此外,公路三亂的問題,我們從1994年開始問起,到現在,我們不斷的去問,但是這個問題仍然存在,而且愈演愈烈。
馬光遠:事情發生后,我們看到的是相關部門的冷漠、冷酷、冷靜
(《央視財經評論》評論員)
這已經不是河南永城的一個特例了,我們節目做公路三亂的專題已經做了很多次,上個月我們還做了,還提到了月票的問題,就說各地都有月票,有了月票以后,就等于領到了一個通行證。但是現在我們來看,這不等于通行證,這等于是你有了一個基本的門票,我們經常說,在中國的公園里邊,你每到一個門票以后,你進別的門,還得有門票。這給人一種感覺是什么呢?你拿著這個月票以后,你在路上可以跑的,但是不等于我不罰你的款,因為這不是套票。

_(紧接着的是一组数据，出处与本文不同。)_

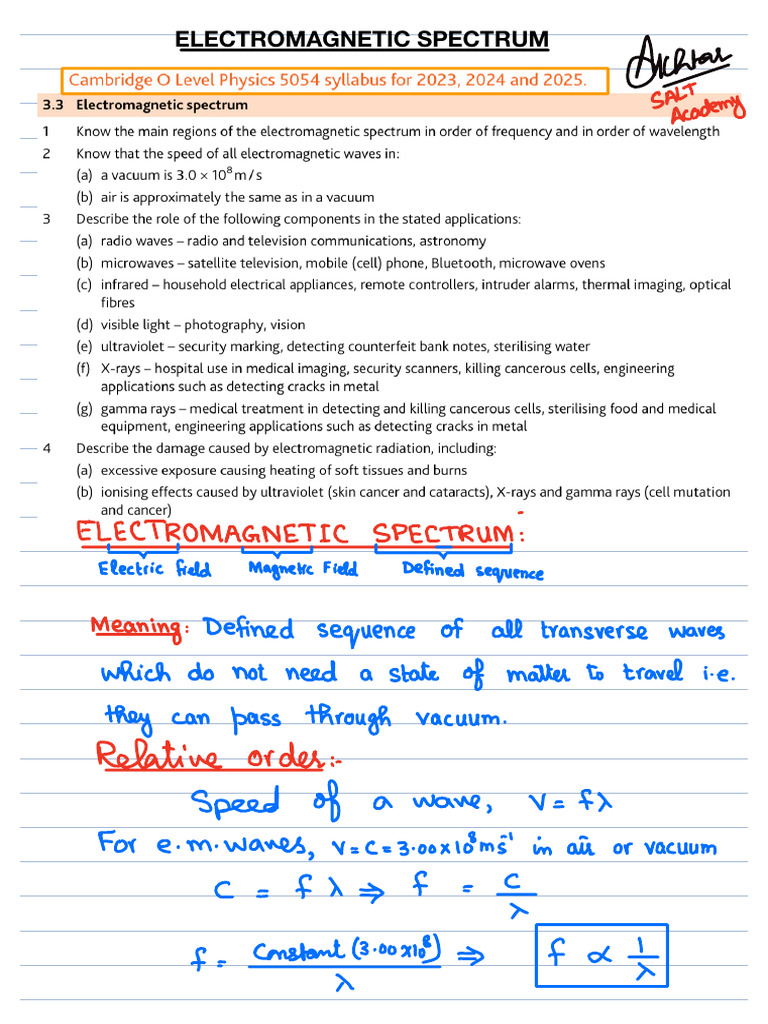 Electromagnetic Spectrum (O Level-July 25) | PDF | Electromagnetic ...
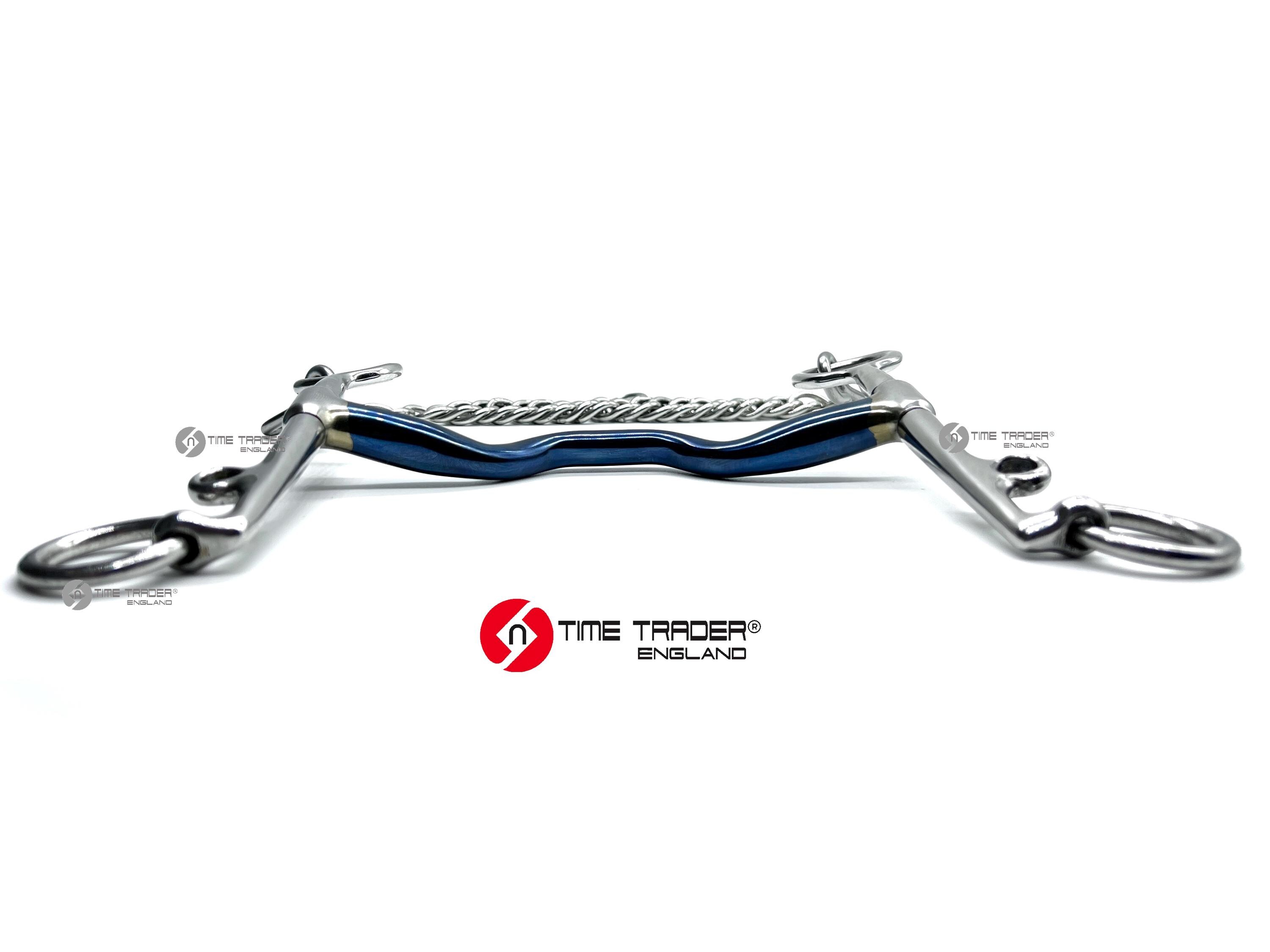 Ported Weymouth Blue Alloy Bits – Fixed Cheek Sweet Iron Happy Mouth – 4.50 à 6.00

我看到這個案例的第一眼到現在,我都非常平靜,因為我看到相關部門比我還平靜,14號發生這個事,一直到媒體做出披露以后,相關的部門才做出成立聯合調查組,才進行調查。我們看到的是冷漠、冷酷、冷靜,我們現在等結果。我估計結果出來以后,肯定不是我們三個想的。所以這個事情一個極端案例出現以后,當然我們說很多事情都靠極端案例來解決的,但是我個人對這個事情,我認為即使出現了這么一個極端案例,《新華社》發出三問,說月票怎么回事?究竟養了多少人?這樣做對不對?當然我可以發出三十問,三百問。
劉戈:現在這些部門是在以罰養人
(《央視財經評論》評論員)
大體的分工,以及它的經費來源還是清楚的。比如說在這里面它為什么會有一個運政,會有一個路政?運政是屬于交通管理部門的,是政府的公務員,是屬于縣政府的構成機構、組成機構。另外下面還有一個公路局,公路局是一個事業單位。在有的縣里面,公路局屬于交通局下屬的二級事業單位,那么永城市是一個縣級市,在這個市里面,公路局和交通局是并列的,但公路局是屬于市政府直屬的事業單位。所以它和交通局是兩套體系、兩套人馬,所以要各收各的費,所以他們就劃了一個地盤。如果是這個車加寬、加高,做改造了,那么這一部分歸交通局管。這一筆錢,就是年票歸交通局收。另外你多拉了,多裝了,這一部分歸公路局管。而公路局本來是一個事業單位,所以他有大量的人員需要供養,以前還有一個省道,或者縣道就二級公路以下的收費,那么現在收費項目也沒有了,那么這個時候,這些人怎么養?靠什么?最后只能靠罰款。現在看起來是罰,實際上是養。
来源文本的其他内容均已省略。